TÓHAJIILEE, N.M. – When Navajo Nation President Buu Nygren’s schedule suddenly became free, rather than head back to the office, he decided to visit with students to talk to them about their future.
President Nygren went to the To’Hajiilee Community School in To’Hajiilee, New Mexico, and to the Native American Community Academy in Albuquerque, where he spoke to high school students at both schools. He shared his personal story. After asking the Navajo students what their clans were, he learned what wanted to do when they graduate from high school.
The visit began with a small group of 15 students. At first the students were nervous to have the Navajo Nation President enter their all-purpose room, pick up a mic and begin to talk. It wasn’t long before they began engaging with the president because he told them he understood how they felt and told them so.
“I was the oldest from my high school to graduate from college,” he said. “I wanted to be an aerospace engineer but at first I had trouble with the math, so it didn’t work out.”
Like many of the students, he didn’t have running water or electricity growing up which made everyday living harder for him and his late mother Charlotte Slim Toney. His uncles taught him how to build things and so he always loved construction.
That led him to pursue a major in construction management and technology. He discovered his true passion, and that took him all over the country in a job he once could only dream of.
His message to students reflected his realization that education will take you to the future of your dreams and your dreams will tell you what you love to do.
“Do what brings joy to your heart,” he told them. “What makes you want to get up every single day? Go after that. Don’t let anyone tell you that you can’t because you can, and only you can make it happen.”

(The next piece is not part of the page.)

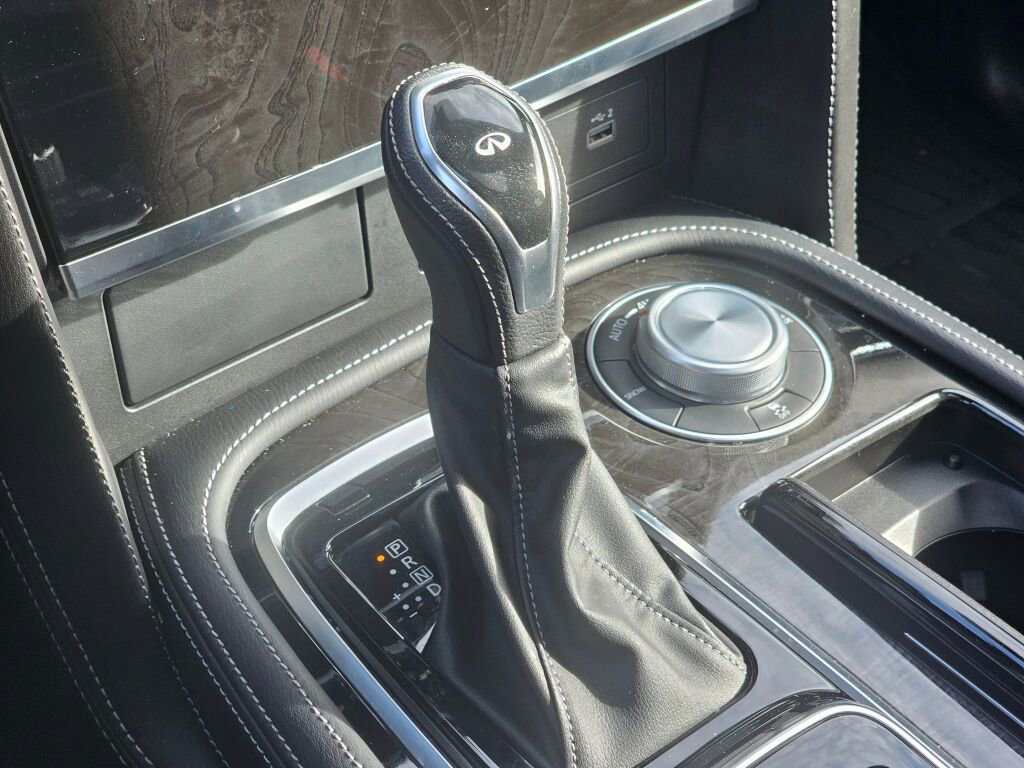 Used 2024 INFINITI QX80 Sensory AWD/4WD image 41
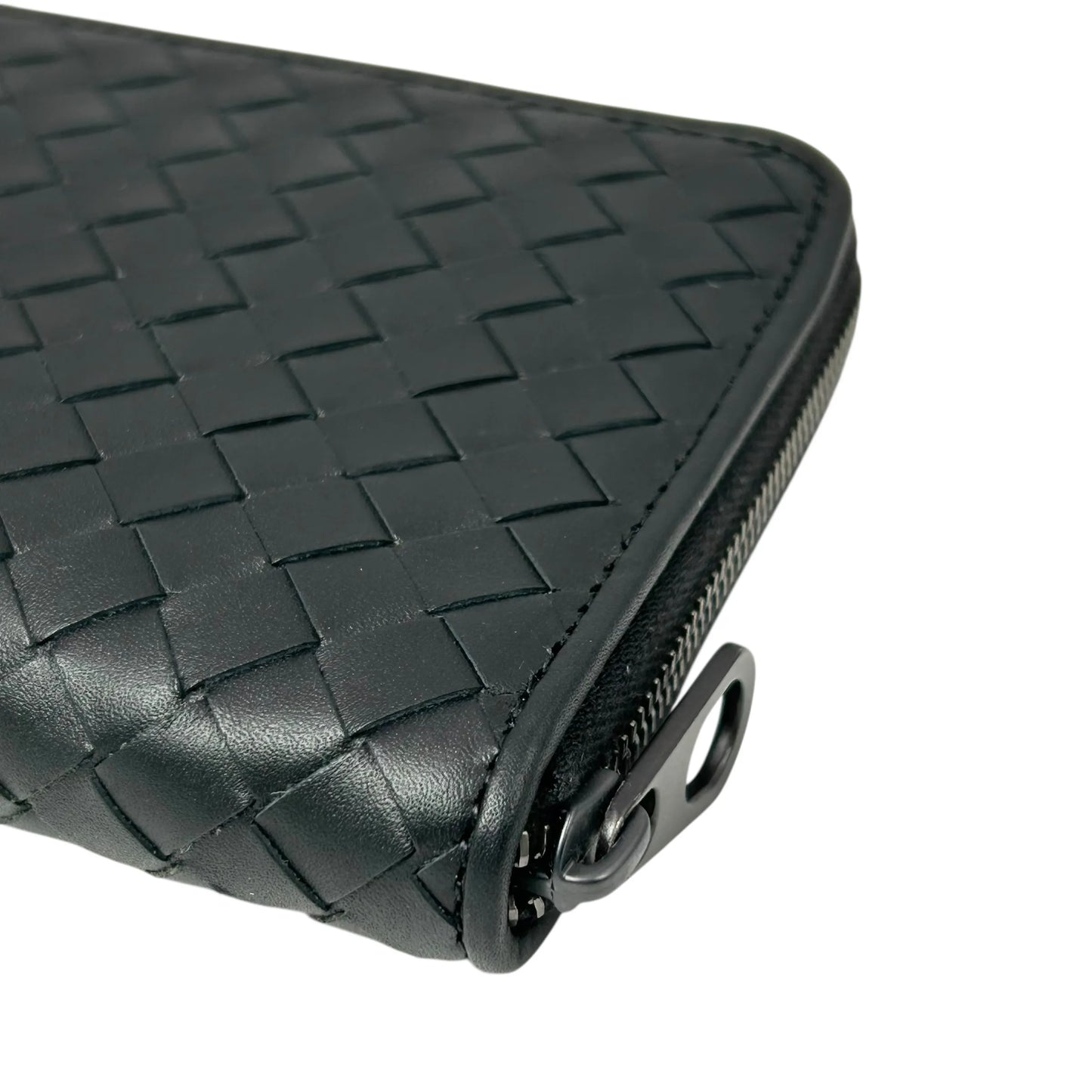 BOTTEGA VENETA Intrecciato Leather Round Zip Long Wallet - Black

One student told him she wanted to be a veterinarian, and how another student said they wanted to be a welder. One said she was going to college for a criminal justice degree, another to be a dental hygienist.
He told the students that he really appreciated their focus, they’re desire and their bravery to pursue a goal.
“Don’t be afraid of mistakes,” he said. “Don’t be afraid to fail.”
The president said one key thing the students should know is that they will learn throughout their entire lives.
“Don’t let not knowing something make you afraid,” he said. “There will always be something you don’t know and there’s always something more, something new, to learn.”
He said when he was their age, excellent advice he was given was something simple that builds strong relationships and makes the people around you feel good.
“As you move along in life, say, ‘Thank you, Ahéhee’,” he said. “In Navajo, we say, ‘Thank you.’ That kind of attitude opens doors for you.”
At NACA, which has students from Navajo and many Pueblo communities, the president told 19 students that whatever tribe they were from, “we’re all in this together as Native people.”
“We’re always looking for strong people to think forward,” he said. “I enjoy the confidence in this room.”
He told the juniors that two years from now when they graduate to stay connected to their classmates. They will be your strength during the tough times in years to come, he said.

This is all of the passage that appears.